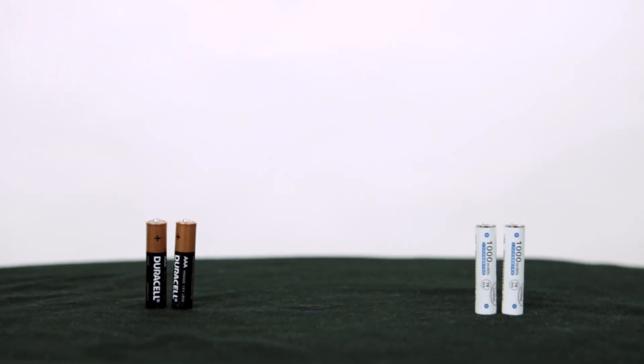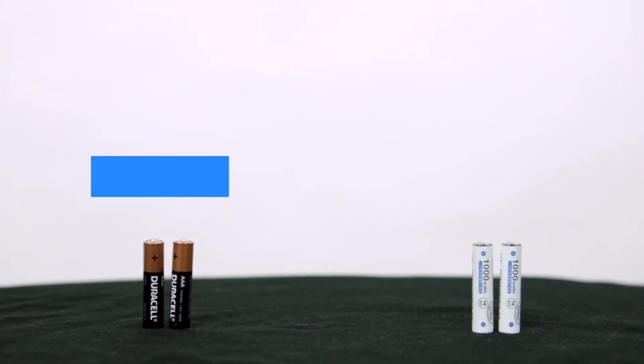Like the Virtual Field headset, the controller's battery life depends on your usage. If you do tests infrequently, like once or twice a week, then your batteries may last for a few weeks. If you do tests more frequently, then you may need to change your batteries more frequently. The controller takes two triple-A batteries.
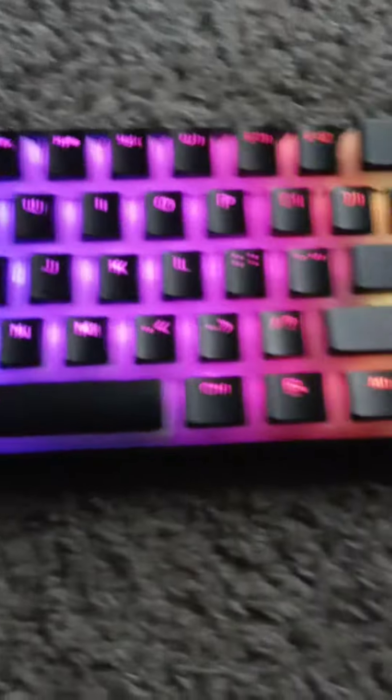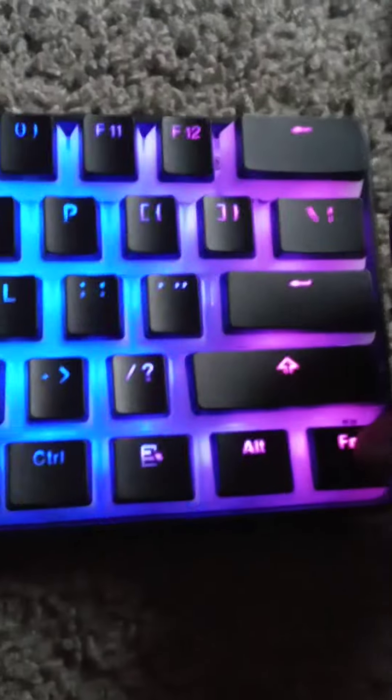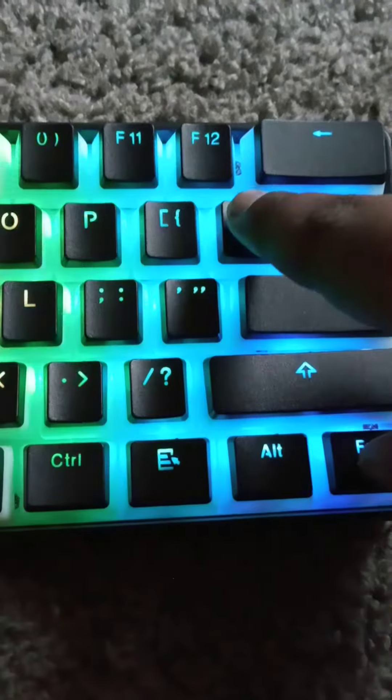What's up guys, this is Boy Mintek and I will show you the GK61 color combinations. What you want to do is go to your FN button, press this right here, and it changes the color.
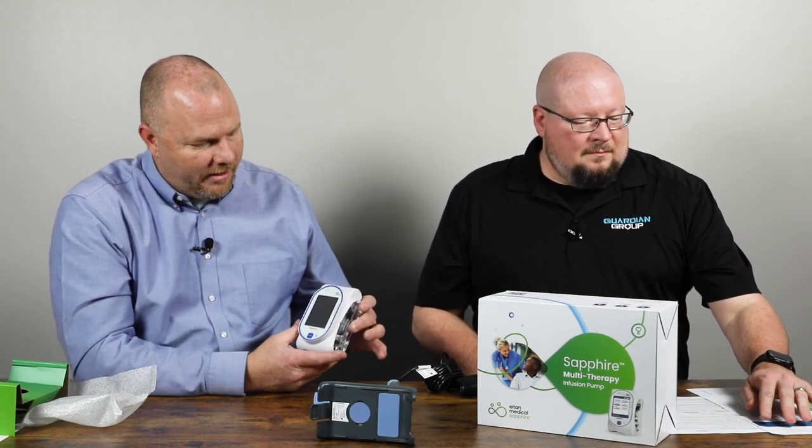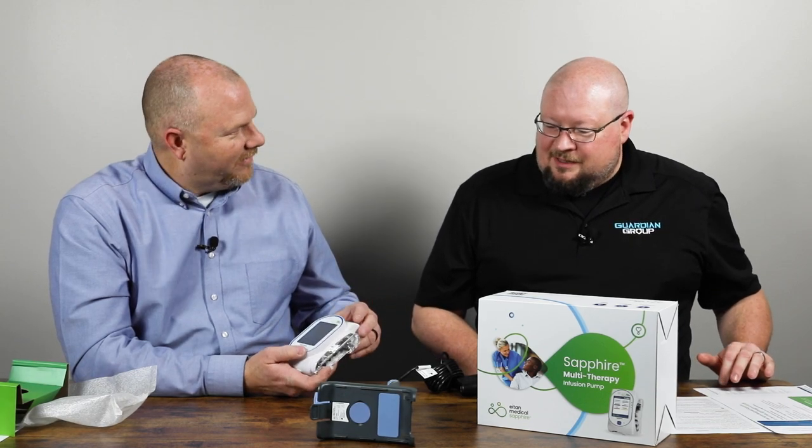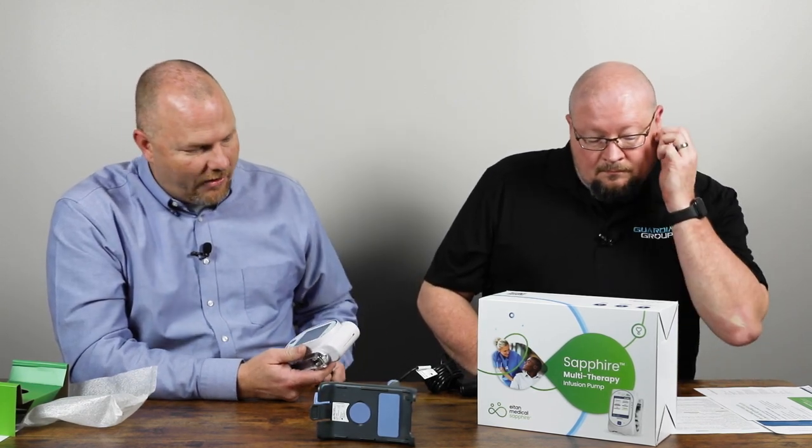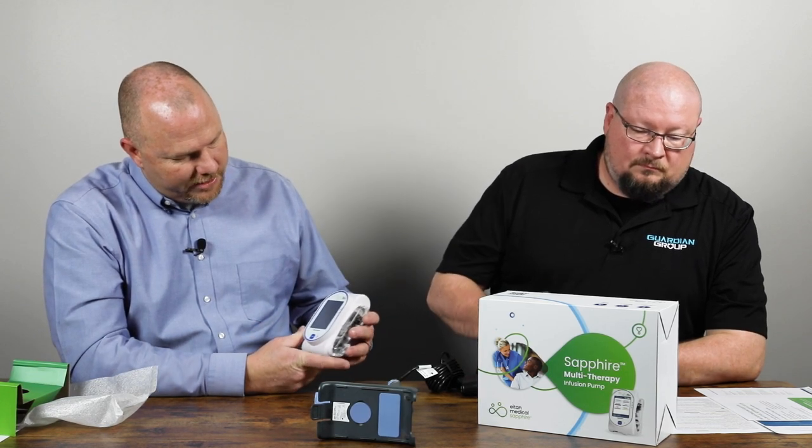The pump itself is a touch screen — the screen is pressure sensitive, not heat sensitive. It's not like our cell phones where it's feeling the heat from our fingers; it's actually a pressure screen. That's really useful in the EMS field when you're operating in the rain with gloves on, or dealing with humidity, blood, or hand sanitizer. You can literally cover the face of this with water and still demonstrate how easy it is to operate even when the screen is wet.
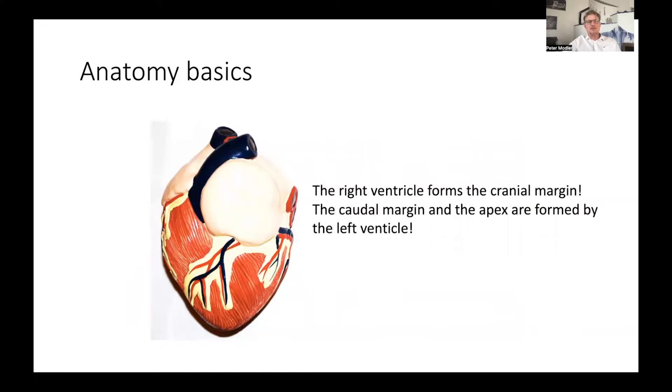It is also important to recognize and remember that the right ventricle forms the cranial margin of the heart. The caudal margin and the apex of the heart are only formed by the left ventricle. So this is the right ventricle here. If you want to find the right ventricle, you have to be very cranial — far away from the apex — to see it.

--

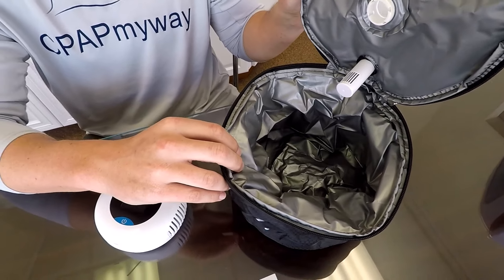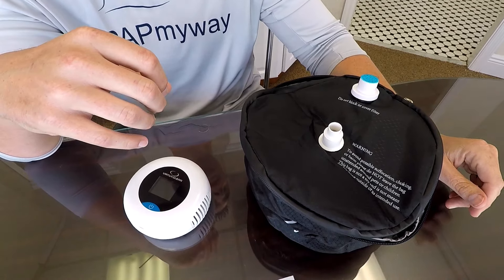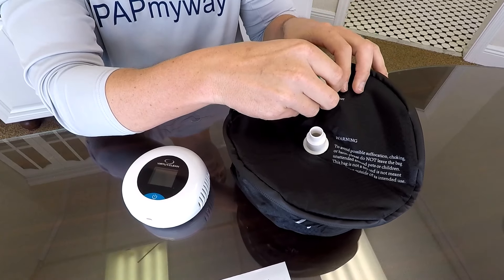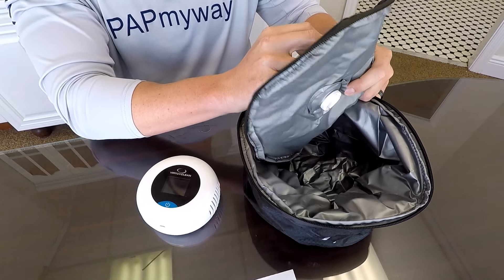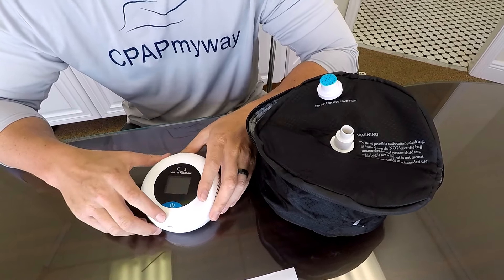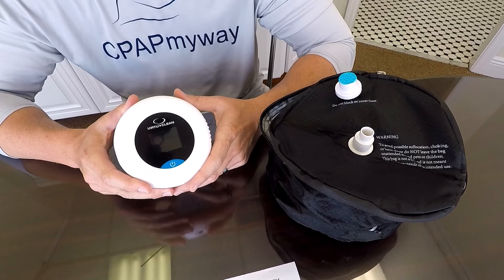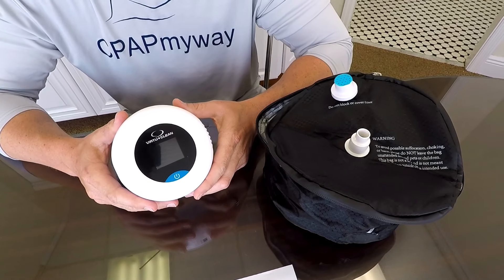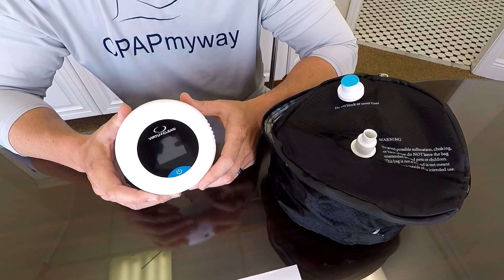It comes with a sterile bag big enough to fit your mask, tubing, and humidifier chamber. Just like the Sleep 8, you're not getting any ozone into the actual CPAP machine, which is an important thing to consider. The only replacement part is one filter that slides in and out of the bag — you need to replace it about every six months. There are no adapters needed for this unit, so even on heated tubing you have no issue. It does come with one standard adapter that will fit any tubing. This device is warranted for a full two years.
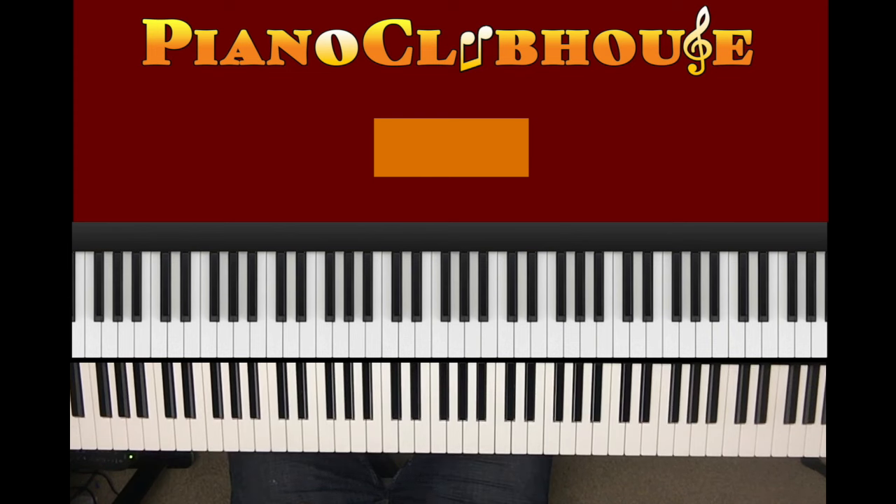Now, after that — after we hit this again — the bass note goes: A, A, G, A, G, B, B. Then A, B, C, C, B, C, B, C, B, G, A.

--

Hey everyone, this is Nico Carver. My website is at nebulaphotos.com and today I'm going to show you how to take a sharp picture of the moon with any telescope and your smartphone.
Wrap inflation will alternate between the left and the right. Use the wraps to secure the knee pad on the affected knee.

● WHAT IS BEING ASKED:
Everything from the line with "Like the Virtual" through the line with "It is also important" in the material above should be transcribed exactly, except the pictures.

● OUTPUT OF THE EXERCISE:
Like the Virtual Field headset, the controller's battery life depends on your usage. If you do tests infrequently, like once or twice a week, then your batteries may last for a few weeks. If you do tests more frequently, then you may need to change your batteries more frequently. The controller takes two triple-A batteries.
What's up guys, this is Boy Mintek and I will show you the GK61 color combinations. What you want to do is go to your FN button, press this right here, and it changes the color.
The pump itself is a touch screen — the screen is pressure sensitive, not heat sensitive. It's not like our cell phones where it's feeling the heat from our fingers; it's actually a pressure screen. That's really useful in the EMS field when you're operating in the rain with gloves on, or dealing with humidity, blood, or hand sanitizer. You can literally cover the face of this with water and still demonstrate how easy it is to operate even when the screen is wet.
It is also important to recognize and remember that the right ventricle forms the cranial margin of the heart. The caudal margin and the apex of the heart are only formed by the left ventricle. So this is the right ventricle here. If you want to find the right ventricle, you have to be very cranial — far away from the apex — to see it.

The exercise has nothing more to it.